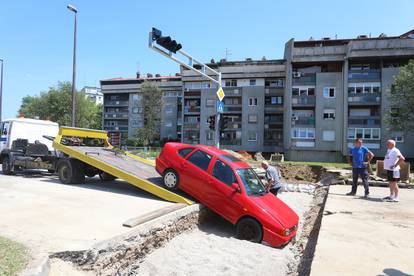 Karlovac: Autom uletio u gradilište i propao u jarak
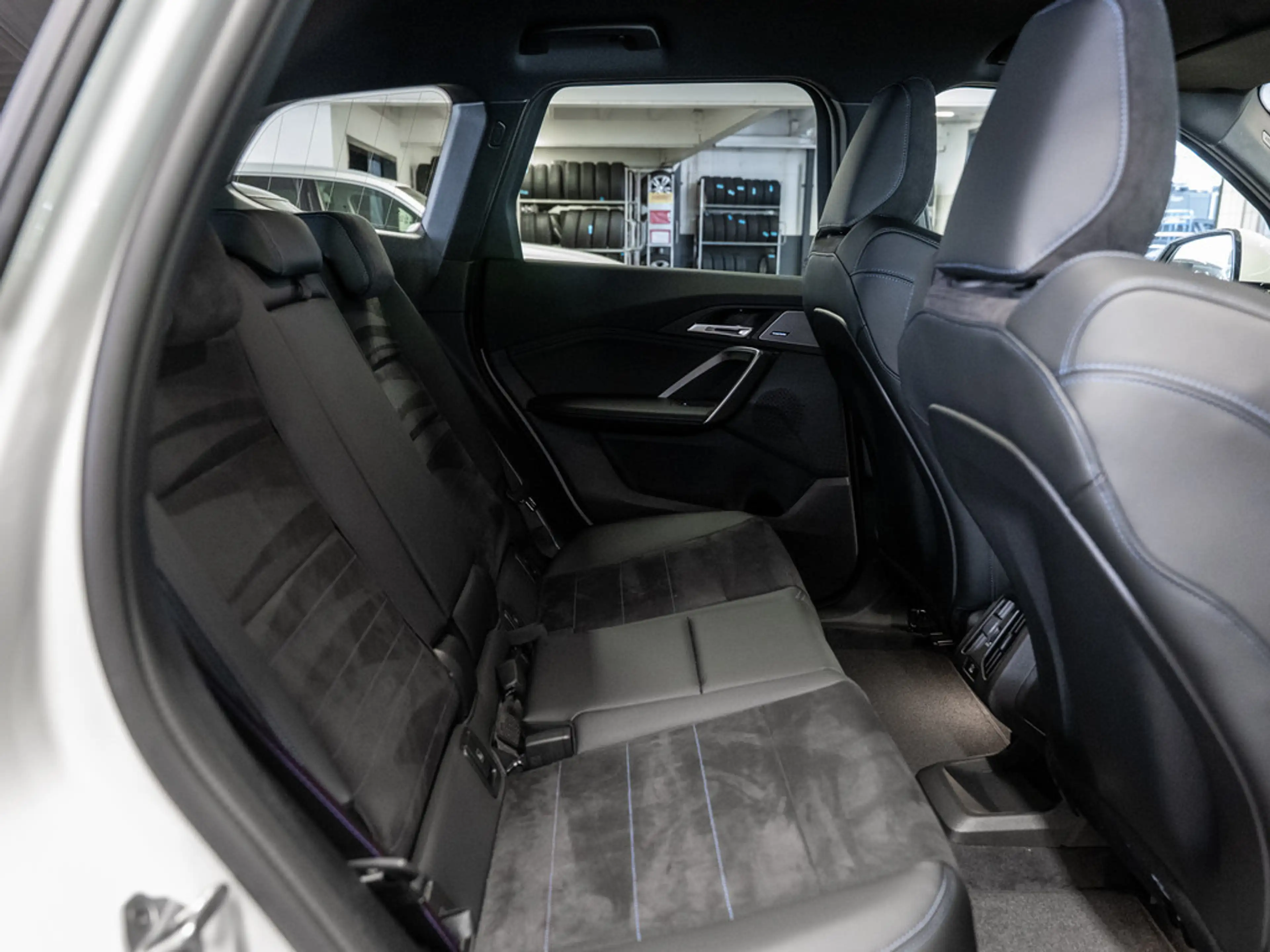 BMW iX1 30 xDrive M-Sport Pro LED ACC AHK NAVI — photo 9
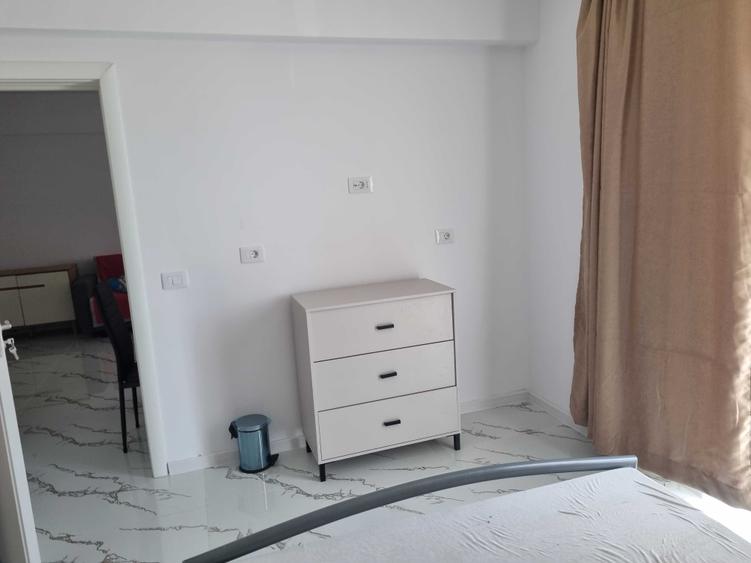 Garsonieră decomandată în Sud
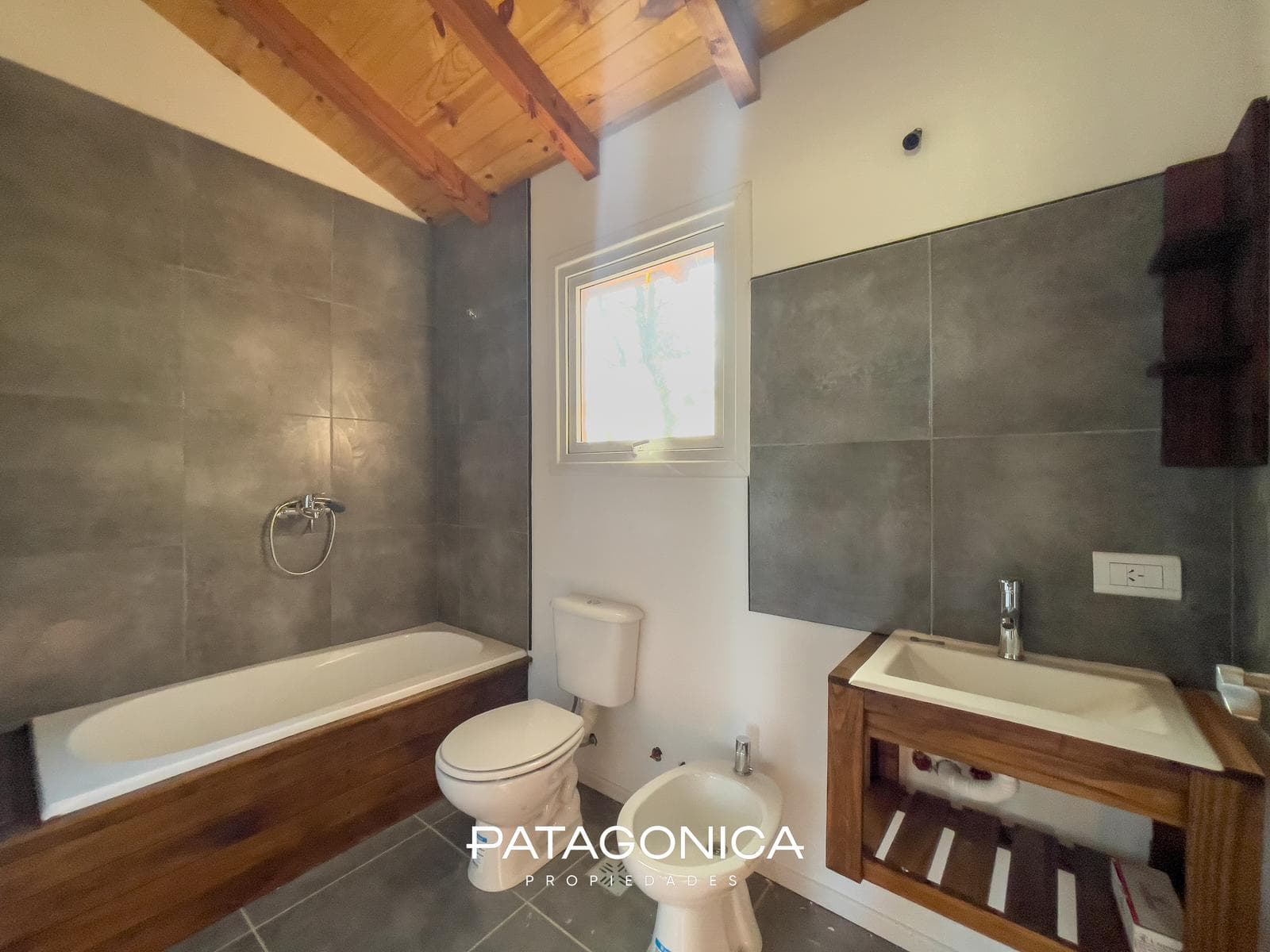 3-ROOM APARTMENT FOR SALE, 90 m², DOWNTOWN, VILLA LA ANGOSTURA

> [Task item]: Your task is to restate word for word the lines from the one containing "BMW iX1 30 xDrive" through the last line of the data, both ends included, with no pictures.

> [Solution for this task]:
 BMW iX1 30 xDrive M-Sport Pro LED ACC AHK NAVI — photo 9
 Garsonieră decomandată în Sud
 3-ROOM APARTMENT FOR SALE, 90 m², DOWNTOWN, VILLA LA ANGOSTURA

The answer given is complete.